[Start of Attachment]

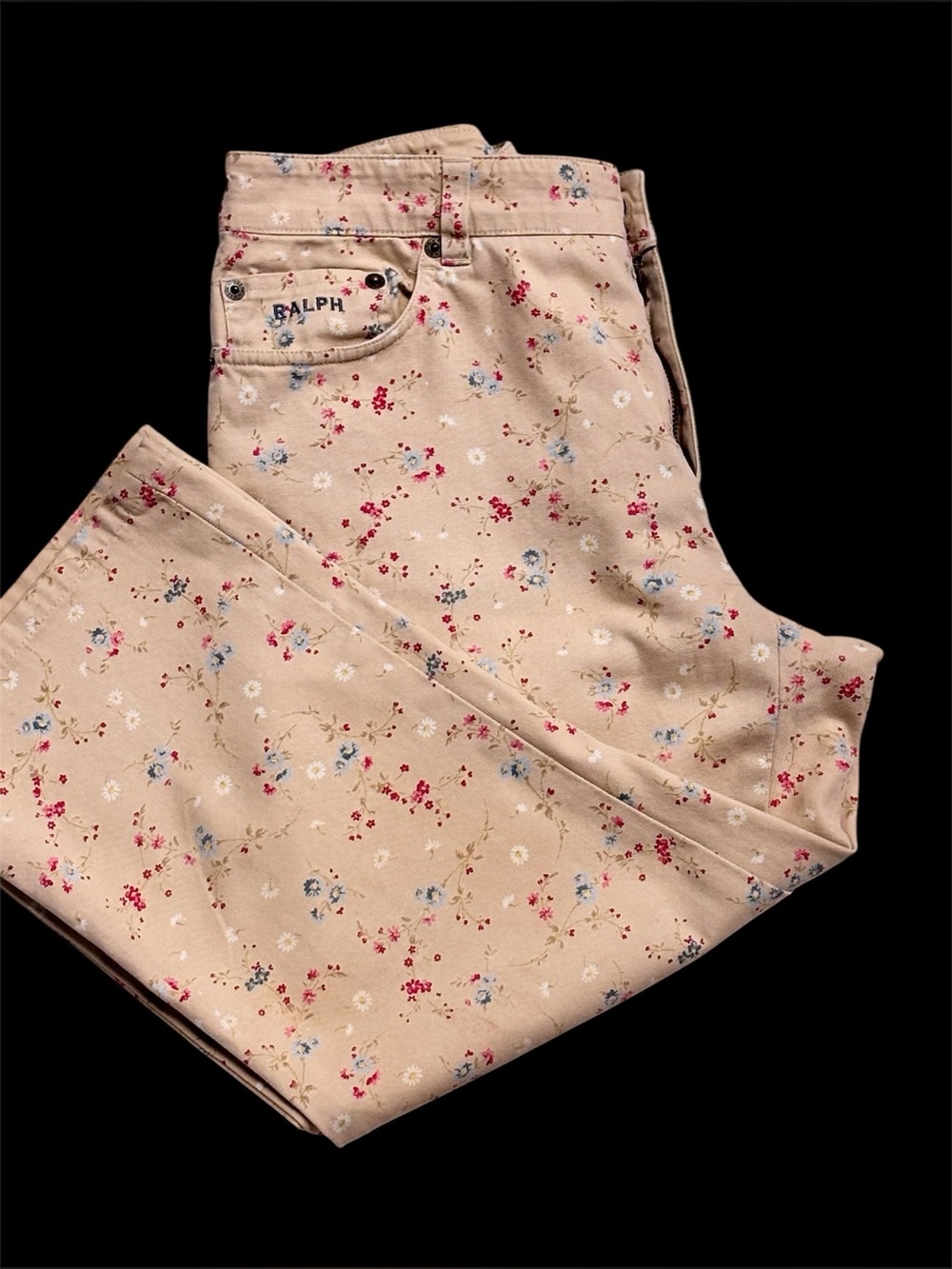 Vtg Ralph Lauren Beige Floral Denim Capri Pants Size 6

[End of Attachment]
[Start of Attachment]

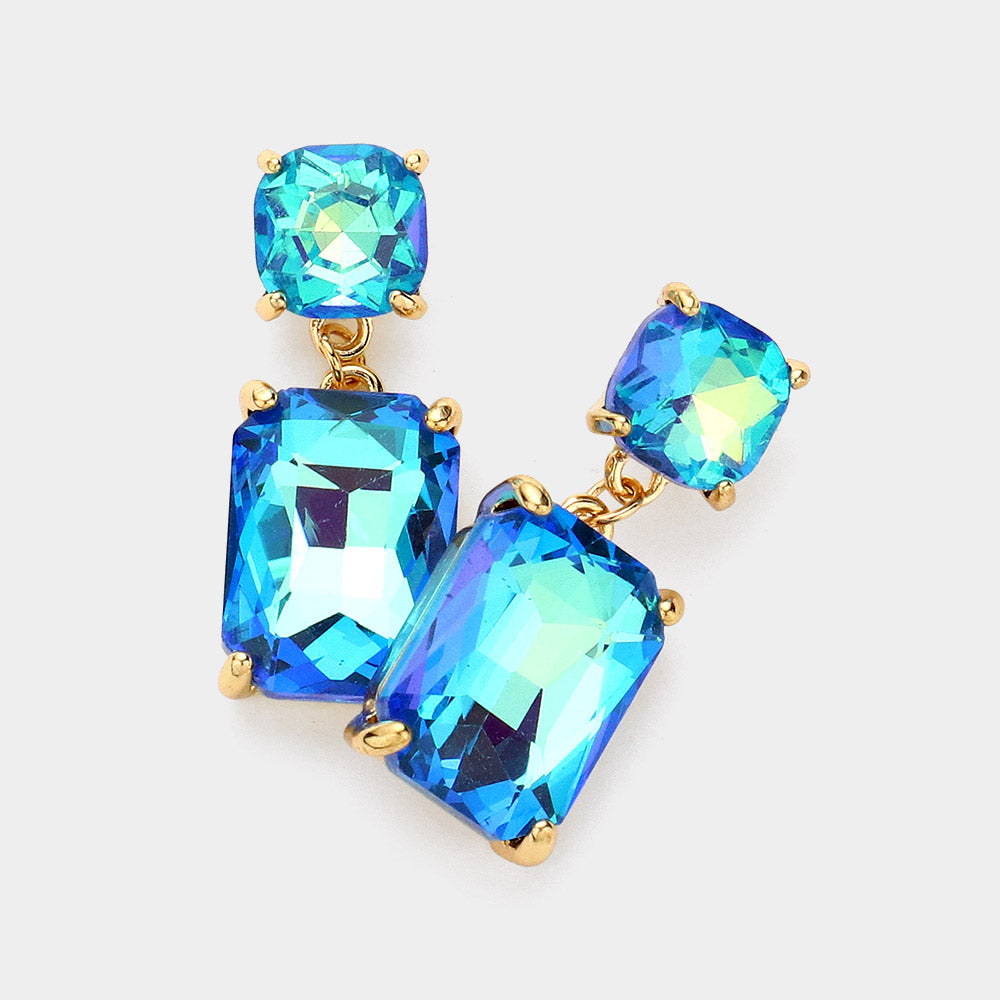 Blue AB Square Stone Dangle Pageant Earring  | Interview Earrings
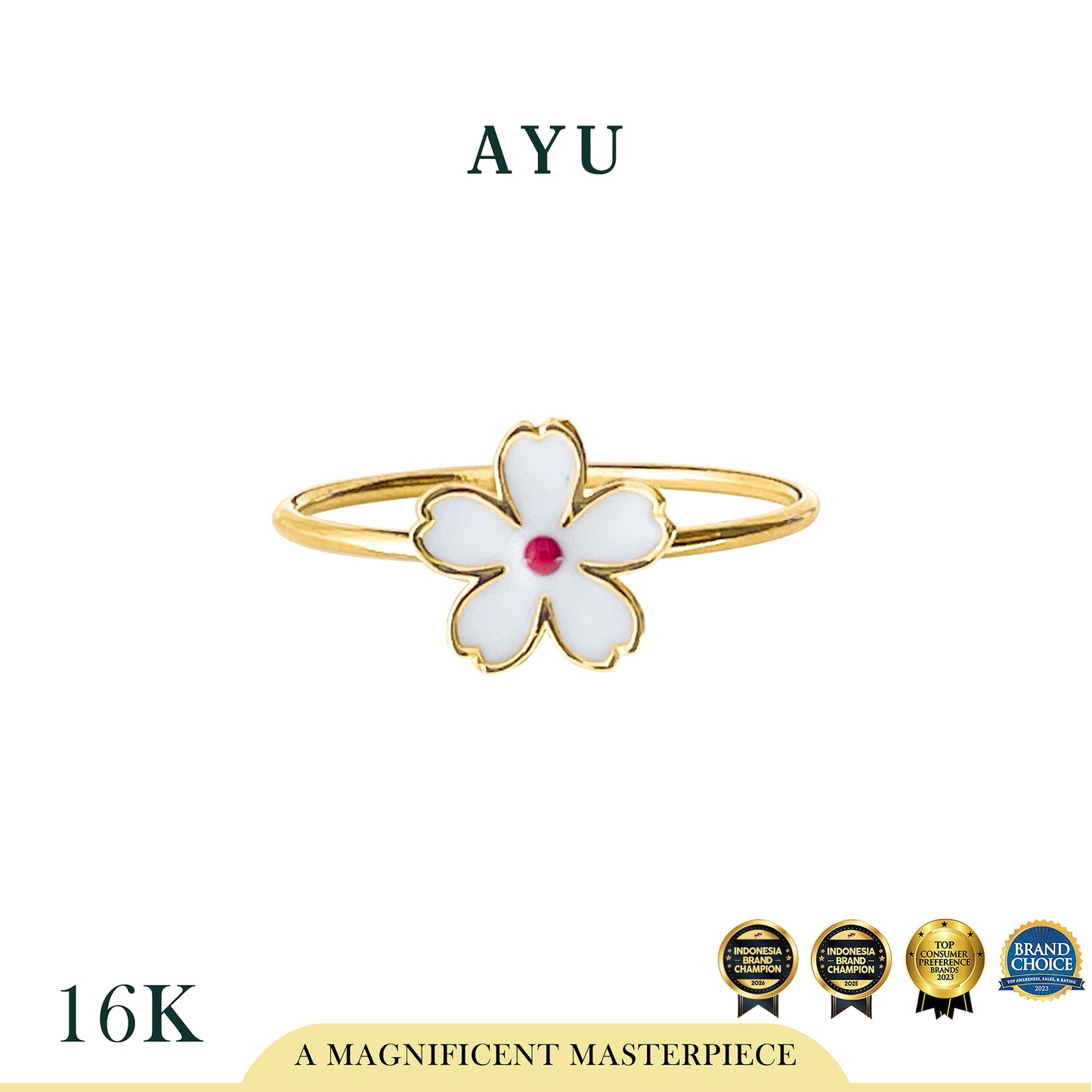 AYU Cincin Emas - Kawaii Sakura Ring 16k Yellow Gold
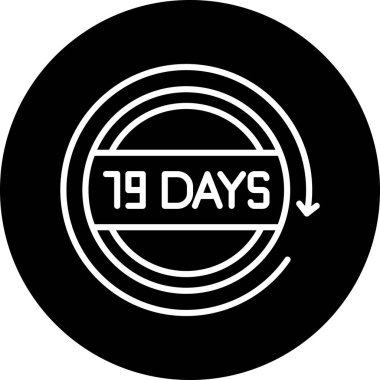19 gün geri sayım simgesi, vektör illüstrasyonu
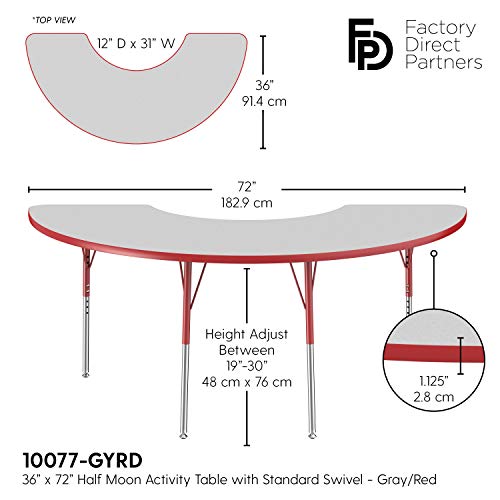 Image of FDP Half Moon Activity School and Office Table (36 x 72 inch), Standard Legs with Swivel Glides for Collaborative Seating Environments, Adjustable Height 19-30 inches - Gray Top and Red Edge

[End of Attachment]
[Start of Attachment]

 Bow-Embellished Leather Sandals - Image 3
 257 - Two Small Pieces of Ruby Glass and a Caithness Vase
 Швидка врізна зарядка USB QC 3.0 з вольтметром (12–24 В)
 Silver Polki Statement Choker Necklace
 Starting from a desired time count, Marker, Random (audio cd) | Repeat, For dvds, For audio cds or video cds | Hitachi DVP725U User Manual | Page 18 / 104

[End of Attachment]

### Work instructions
From the listing above, output exactly the run of lines that starts with the line containing "Bow-Embellished Leather Sandals - Image 3" and ends with the line containing "Starting from a".

### Result of this exercise
 Bow-Embellished Leather Sandals - Image 3
 257 - Two Small Pieces of Ruby Glass and a Caithness Vase
 Швидка врізна зарядка USB QC 3.0 з вольтметром (12–24 В)
 Silver Polki Statement Choker Necklace
 Starting from a desired time count, Marker, Random (audio cd) | Repeat, For dvds, For audio cds or video cds | Hitachi DVP725U User Manual | Page 18 / 104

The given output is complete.